Quarter of a large or half a small pumpkin.
1 bulb of garlic
2-3 Tablespoons olive oil
2 onions
2-3 large carrots
2 large potatoes
2-3 litres of stock (chicken or vegetable)
Cream (to serve)

Pre-heat the oven to 180°C, fan bake. While the oven is heating up, cut the pumpkin into wedges and space evenly over a baking dish. With your bulb of garlic, remove the cloves, keeping the skins on, and spread them around the pumpkin. Drizzle with oil olive and mix through - make sure everything is nicely coating in the before adding any salt and pepper.

Once the oven has reach 180°C, place the baking dish in the oven and roast for 45 minutes to an hour. Remove from the oven and leave to cool. While this is cooling, get a large pot and place it on the stove – do not turn it on.

Roughly chop the carrots, potatoes and onions and place in the pot. Slice the skin off the roasted pumpkin and add to the pot also. This should be very easy now that the pumpkin is cooked and softened.

Cover the vegetables with the stock. When it comes to the thickness of your soup, this completely comes down to how much liquid you put in. Rule of thumb, if you want a runnier soup, make sure the vegetables are just fully submerged.
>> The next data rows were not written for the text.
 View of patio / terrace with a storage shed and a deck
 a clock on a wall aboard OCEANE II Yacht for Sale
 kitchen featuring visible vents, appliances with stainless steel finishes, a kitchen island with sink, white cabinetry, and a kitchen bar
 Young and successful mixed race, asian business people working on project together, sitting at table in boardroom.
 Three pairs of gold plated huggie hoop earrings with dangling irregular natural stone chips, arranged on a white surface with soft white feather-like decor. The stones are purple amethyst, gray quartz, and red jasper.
If you’re wanting a thicker soup, leave the vegetables showing by around 2cm.

Turn the heat on medium and start pealing the garlic. The reason I do this last is because otherwise those little cloves of garlic are like lava when trying to remove them from their casings. The best way to do this is cut one of the ends off and squeeze all the goodness through. This is a lot easier with the bigger cloves and often, if the smaller ones are too fiddley, I’ll just leave them out.
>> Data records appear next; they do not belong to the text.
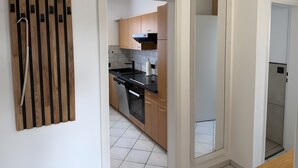 Una cocina moderna con armarios de madera, encimera negra y pileta de acero inoxidable.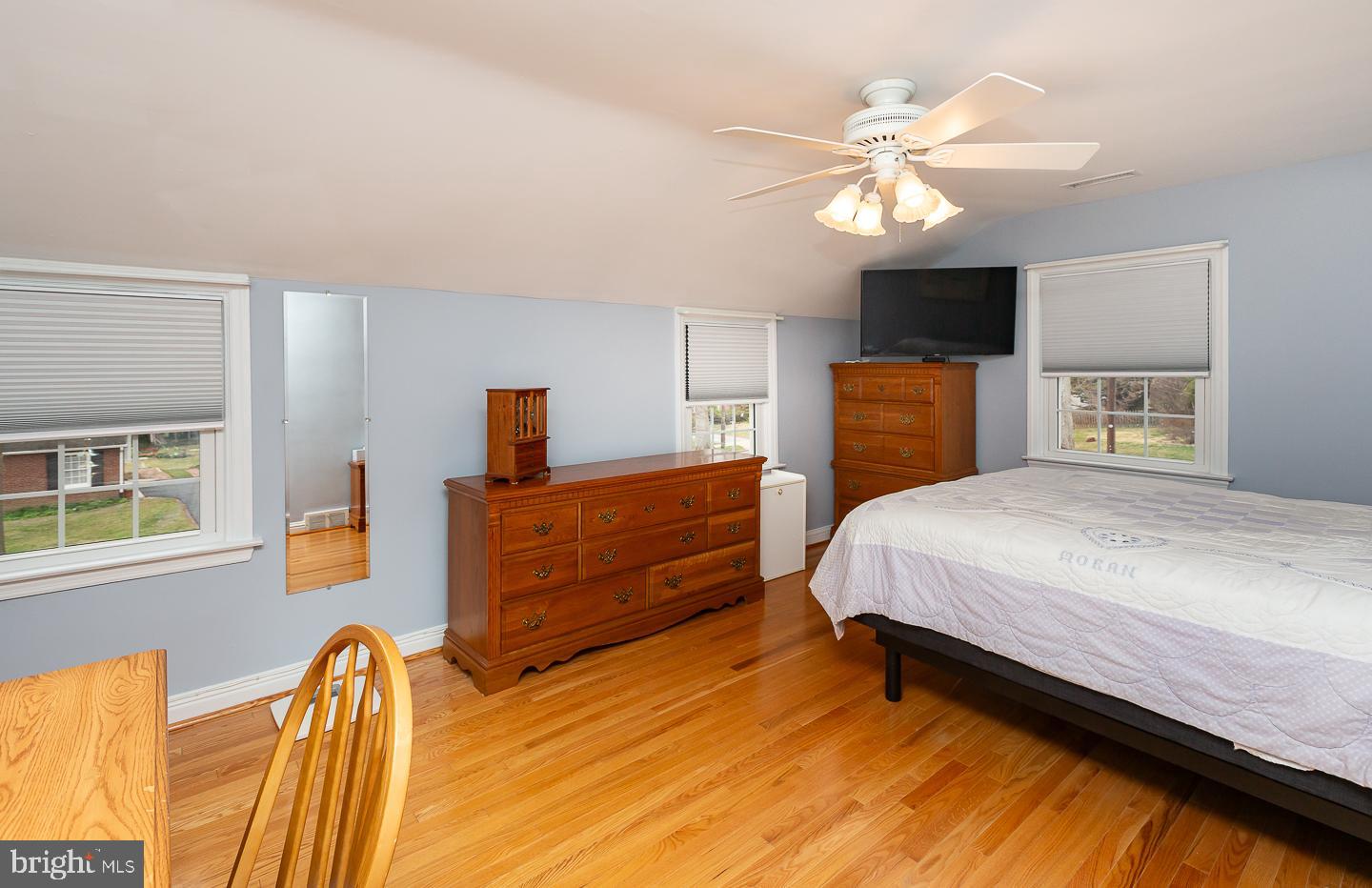 2717 Prescott Road Havertown, PA 19083 - Photo 27 of 49 a bed room with a bed and a chandelier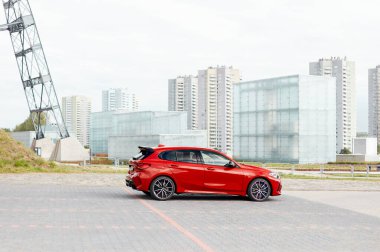 Silezya Müzesi 'nin önündeki kırmızı BMW M135i. Model F40, 2019 'dan üretildi. 306 HP motoru, ivme 0-100 km-saat - 4.8 s Katowice, Polonya, 09.16.2020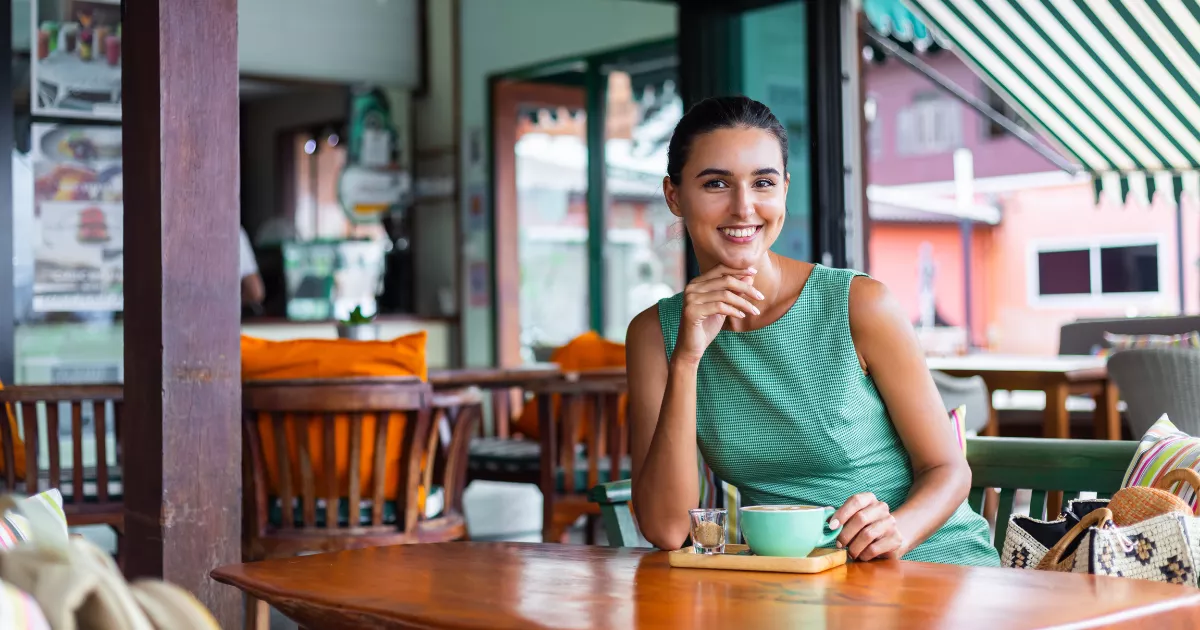 Mulher sorridente sentada à mesa de um restaurante pequeno, com uma xícara sobre a mesa.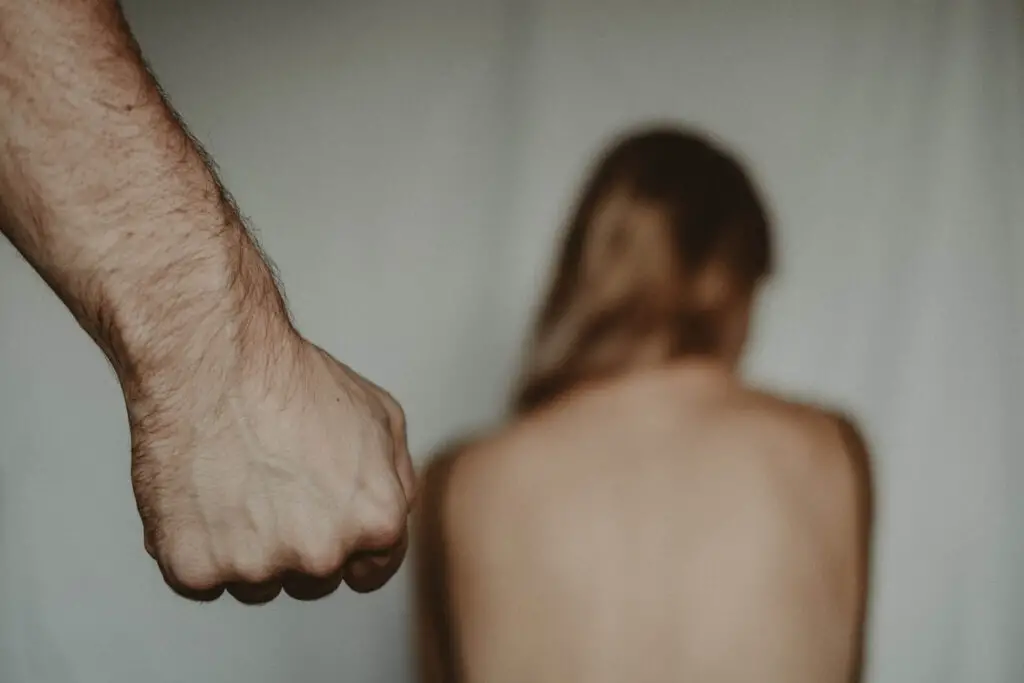 A man clenching his fist approaching a woman sitting down back-naked.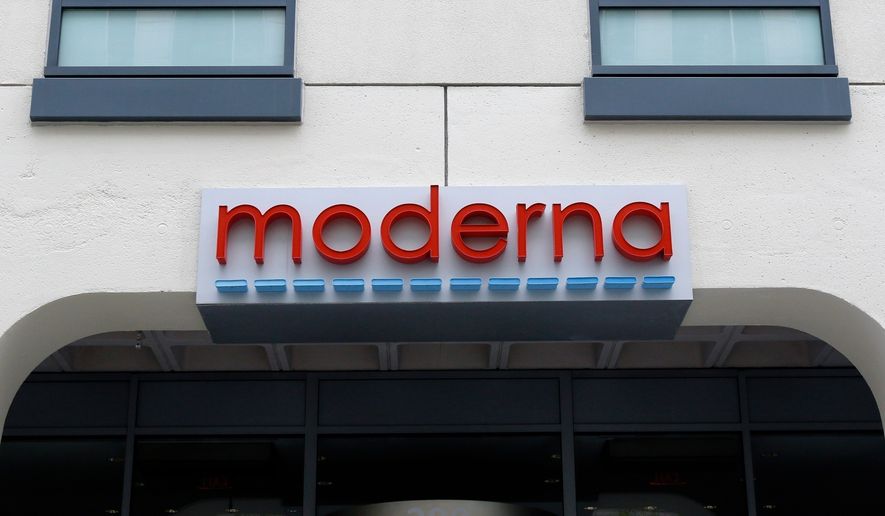 A sign marks an entrance to a Moderna building in Cambridge, Mass., May 18, 2020. (AP Photo/Bill Sikes, File)prnto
Once all the garlic (or all the garlic you can be bothered getting out) is in the pot, stir, turn down to low and cover. Leave this to cook for around 20-30 minutes. When all the vegetables have softened, turn off the heat and with a hand-held blender, blend everything together. You could pour this into an actual blender, but I find a hand-held one both easier to use makes cleaning up easier.
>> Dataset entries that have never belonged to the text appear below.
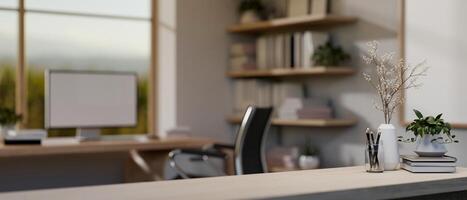 A close-up image of a table with decor in a modern minimalist home office with a computer desk. photo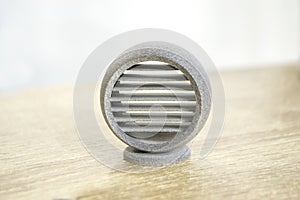One model printed on 3D printer. Gray object printed on 3D printer made plastic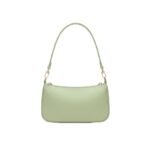 Light green leather shoulder bag, front view, showcasing a minimalist design with gold-tone hardware and an adjustable strap.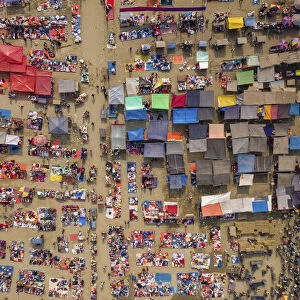 Aerial view of people trading at weekly market, seeking out products in the city of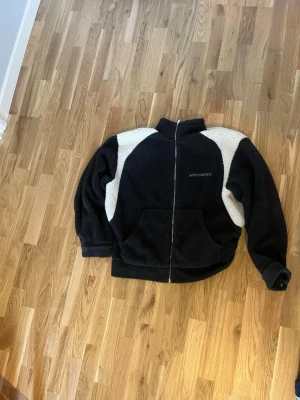 Svart teddyjacka från MADISOn - Svart teddyjacka med vita paneler på axlarna och ärmarna, hel dragkedja framtill och hög krage. Jackan har två stora fickor och ett broderat MADISON-tryck på bröstet. Perfekt för dig som gillar chill och oversized vibe. Säljs inte längre, orginal pris var 1500kr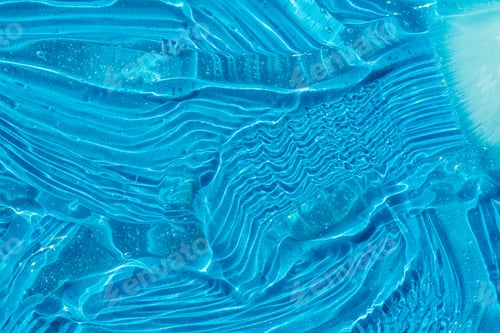 Preview: Brush and serum texture, clear gel bubbles on blue background. Skincare lotion face product swatch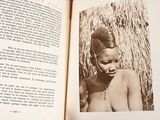 an open book with a picture of a woman in a headdress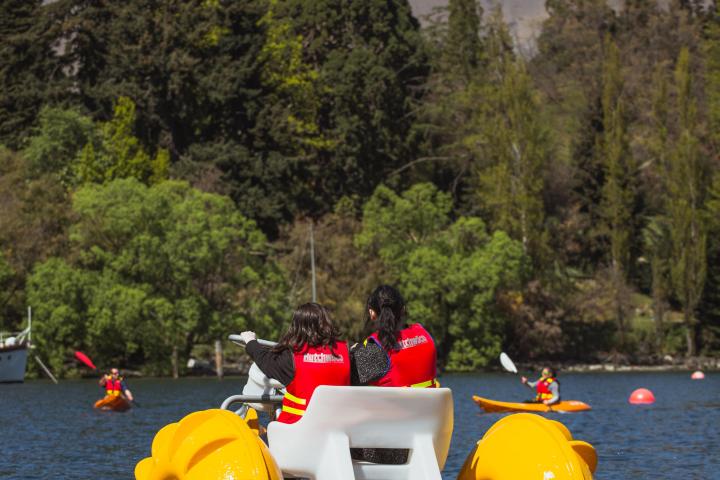 a group of people on a raft in a body of water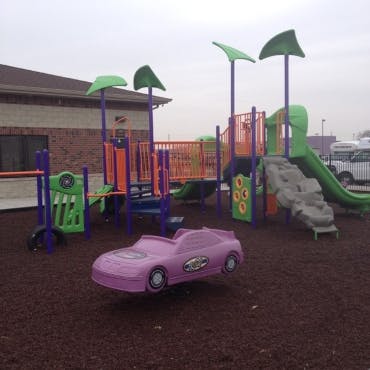 Playground with slides, climbing structures, and a spring rider car
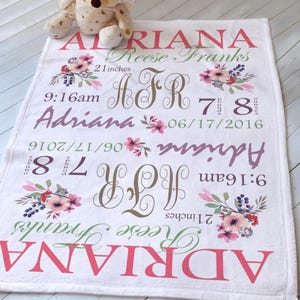May include: A white personalised baby blanket featuring the name Adriana Reese Franks, birth date 06/17/2016, time 9:16am, length 21 inches, and weight 7 pounds 8 ounces. The design includes floral accents, the monogram AFR, and a plush bear.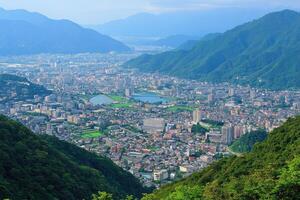 City nestled in valley, surrounded by mountains. Lush greenery, urban sprawl, tranquil lake photo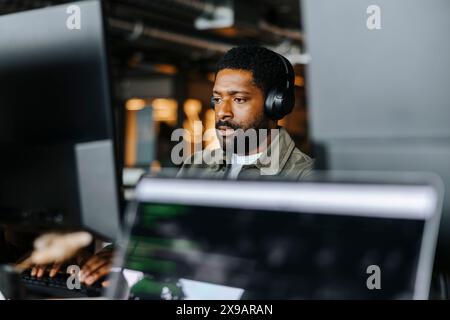 Focused male programmer working with wireless headphones at office Stock Photo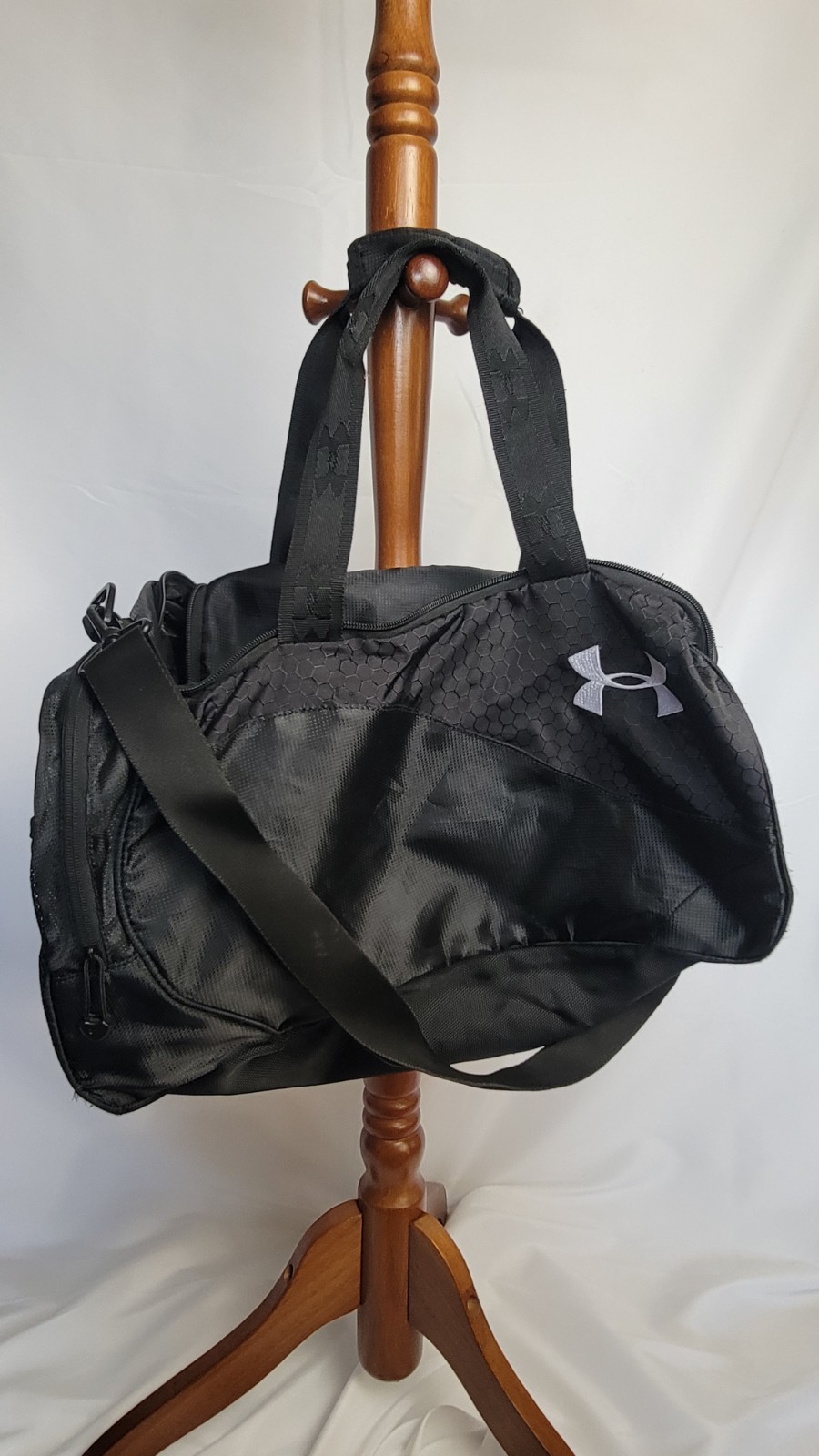 Under Armour duffel bag in black.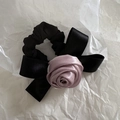 Detail of elegant satin rose flower and black bow on a vintage scrunchie hair accessory - Dusty Pink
When the soup is nice and smooth, it’s ready to serve. You can easily eat as is, but I love to add cream, a good handful of cheese and sometimes even a sprinkling of parsley. If I’m making this for a family meal, I’ll bring it to the table with all three of those (and chili for Adam) so people can help themselves and put whichever they want.

If you’re trying to save time, you can also just cook everything on the stove top opposed to baking it in the oven first, but roasting the garlic and pumpkin creates a completely different flavour. I also find a difference between leaving the skins on the potatoes and removing them. I personally prefer them off with this soup. If you make it, let me how it went and if you did anything differently.